| Task prompt |
After finding the line with "Como los demás" in the entries below, copy that line and each one after it exactly, through the last line, and omit pictures.

| Dataset content |
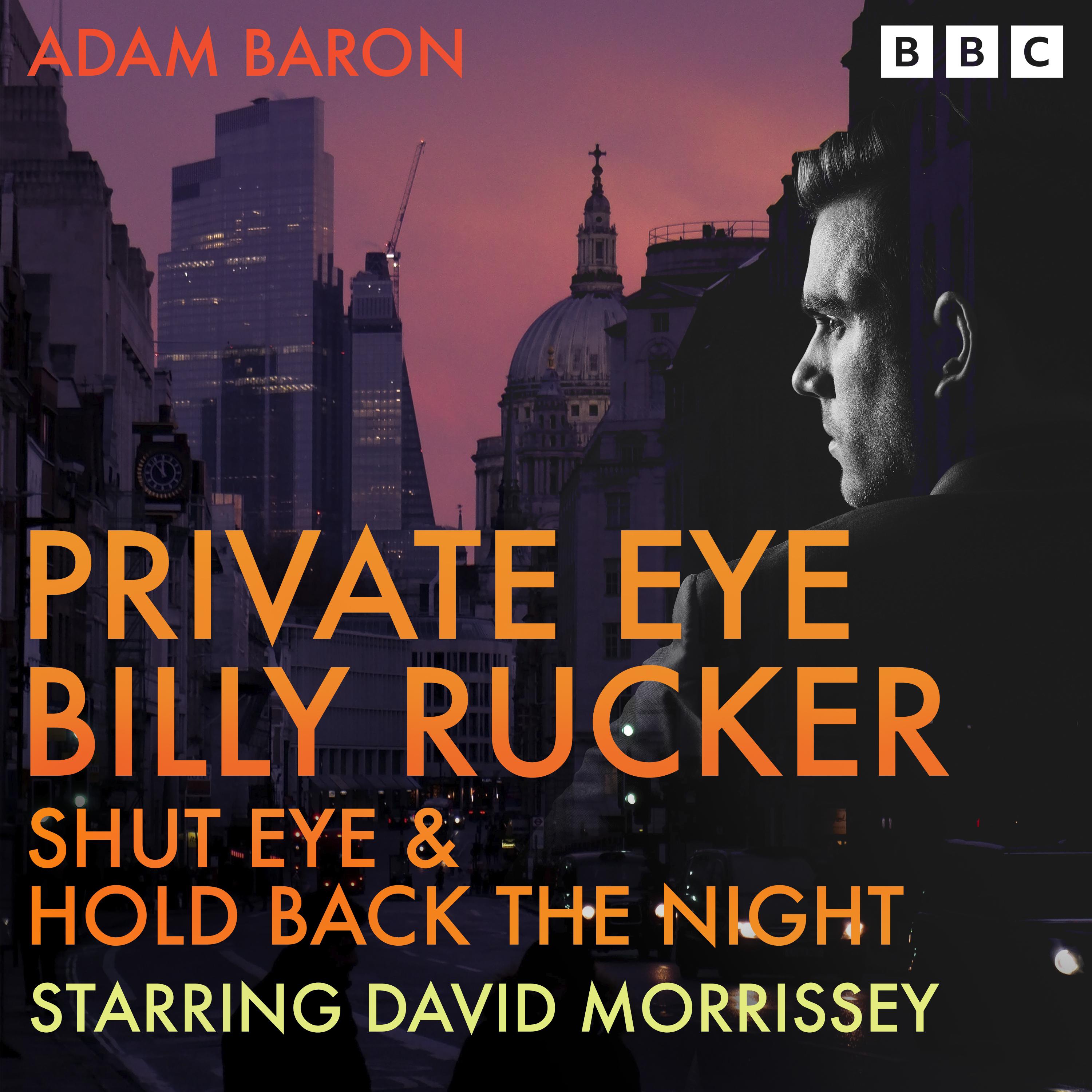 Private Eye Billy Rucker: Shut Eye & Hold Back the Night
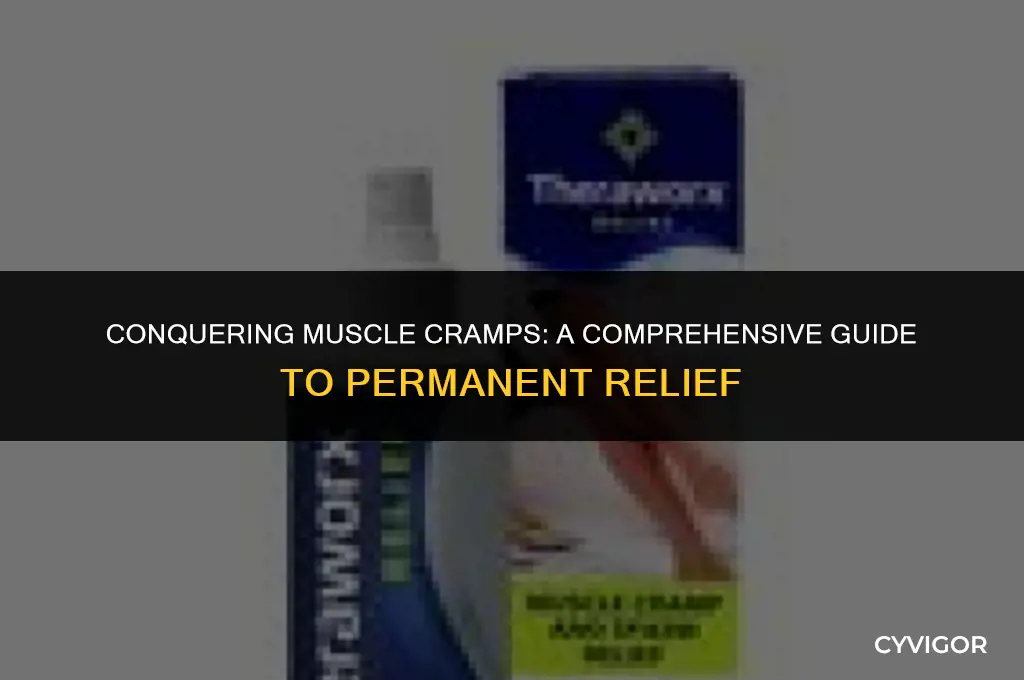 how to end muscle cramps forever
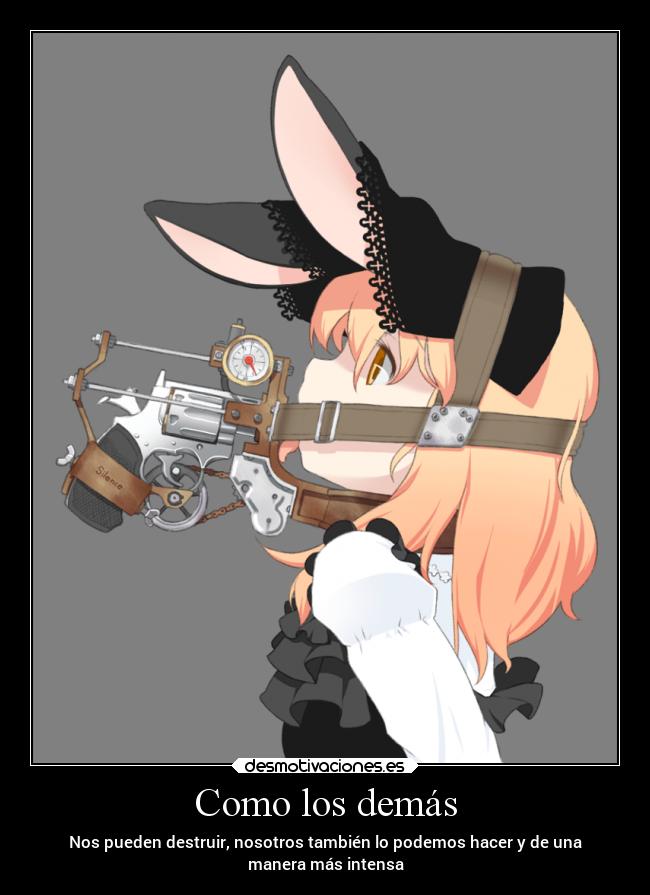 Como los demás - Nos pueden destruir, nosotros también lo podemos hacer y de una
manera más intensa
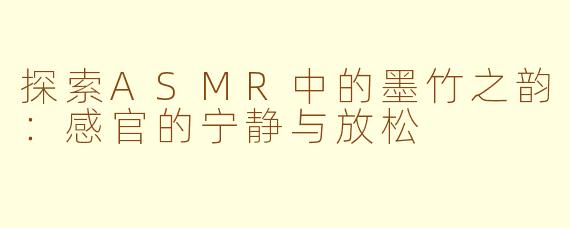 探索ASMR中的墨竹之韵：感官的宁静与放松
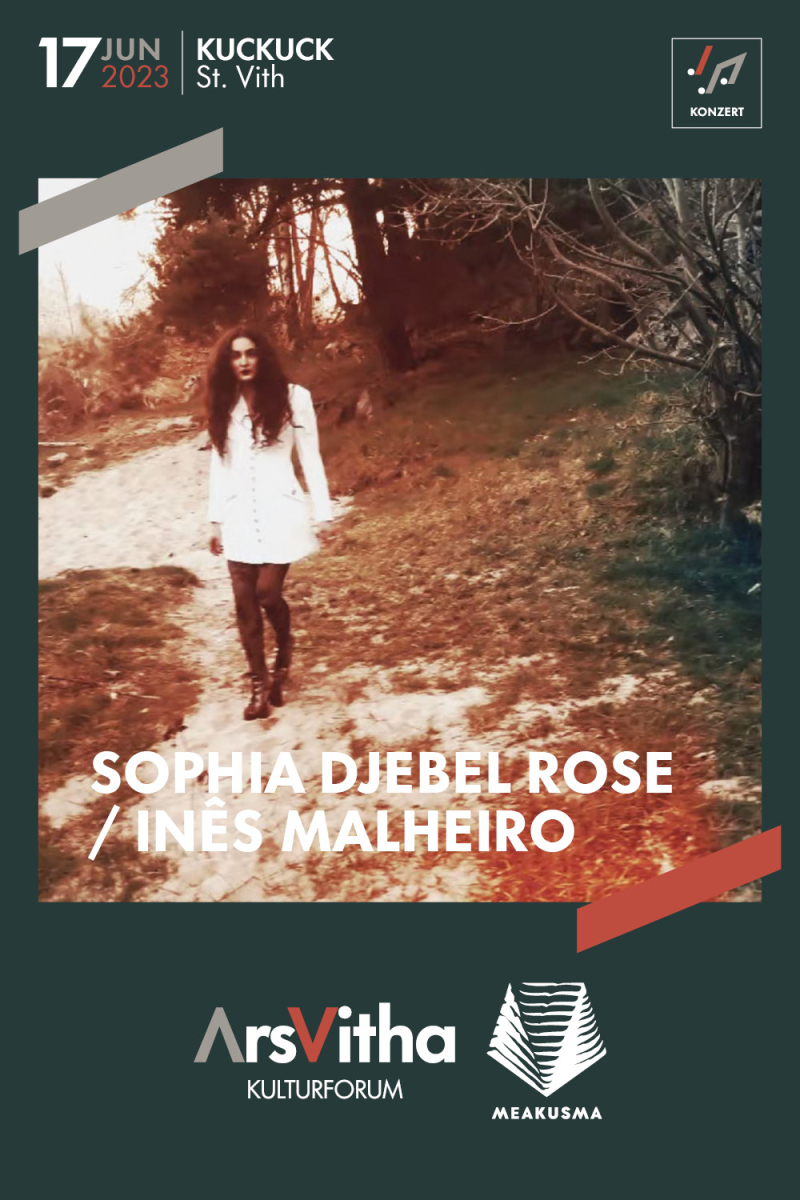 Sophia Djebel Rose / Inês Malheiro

| Solution below |
 Como los demás - Nos pueden destruir, nosotros también lo podemos hacer y de una
manera más intensa
 探索ASMR中的墨竹之韵：感官的宁静与放松
 Sophia Djebel Rose / Inês Malheiro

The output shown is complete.